Following dozens of drone sightings — and a handful of reports of a "guy in a jetpack" — near Los Angeles International Airport, the Transportation Security Administration will test new technology to spot, track and identify drones in restricted airspace.
The federally funded program would make LAX only the second airport using the "state-of-the-art technology," which is also being tested at Miami International Airport, with plans to expand across the country, according to the TSA's announcement Thursday.
There have been 38 drone sightings this year at LAX, including one within 700 feet of an aircraft, according to the TSA. Since last year, there have been 90 visual sightings and 5,200 technical detections of drones within three miles of LAX.
"While there are many beneficial uses for drones in our society, it is becoming far too common that drones are sighted near airports, which presents significant security risks and unnecessary disruptions to the traveling public," Rep. Lucille Roybal-Allard (D- Downey) said in a statement.
Drones have been a repeated nuisance at LAX, with pilots reporting near misses while landing and taking off.
In 2020, multiple pilots said they had seen someone flying in a jetpack at high altitude near the airport.
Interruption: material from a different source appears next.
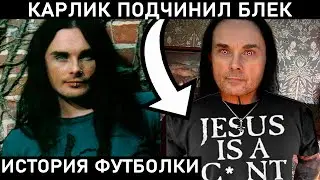 ДАНИ ФИЛТ. ПРИНЦ БЛЕК МЕТАЛА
The reports were never confirmed; the FBI said pilots may have been seeing balloons, and another theory was that the object could have been a drone with a mannequin.
TSA officials decided to test the new technology at LAX because it is one of the busiest airports in the country and because of the number of reported incidents involving drones, TSA Federal Security Director Keith Jeffries said in a statement.
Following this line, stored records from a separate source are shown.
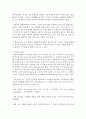 (경영전략론 공통) 본인이 재직 중이거나 관심이 있는 기업을 선정한 후,  교재의 내용을 응용하여 해당 기업의 본원적 경쟁전략을 평가하고,  전략성공을 위한 개선방안을 제시하시오 5페이지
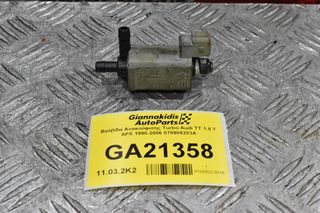 Βαλβίδα Ανακούφισης Turbo Audi TT 1.8 T APX 1998-2006 078906283A
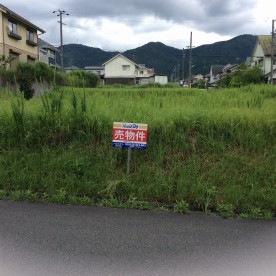 希望ヶ丘保育園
According to the TSA, the program at Miami, which was launched last summer, has detected thousands of drone flights near the airport.
Many drones are equipped with software and GPS systems that prevent users from flying them where they aren't allowed, such as near airports or another restricted airspace, but some users override the safeguards.
Violations of airspace restrictions could lead to civil penalties or criminal charges, according to the Federal Aviation Administration.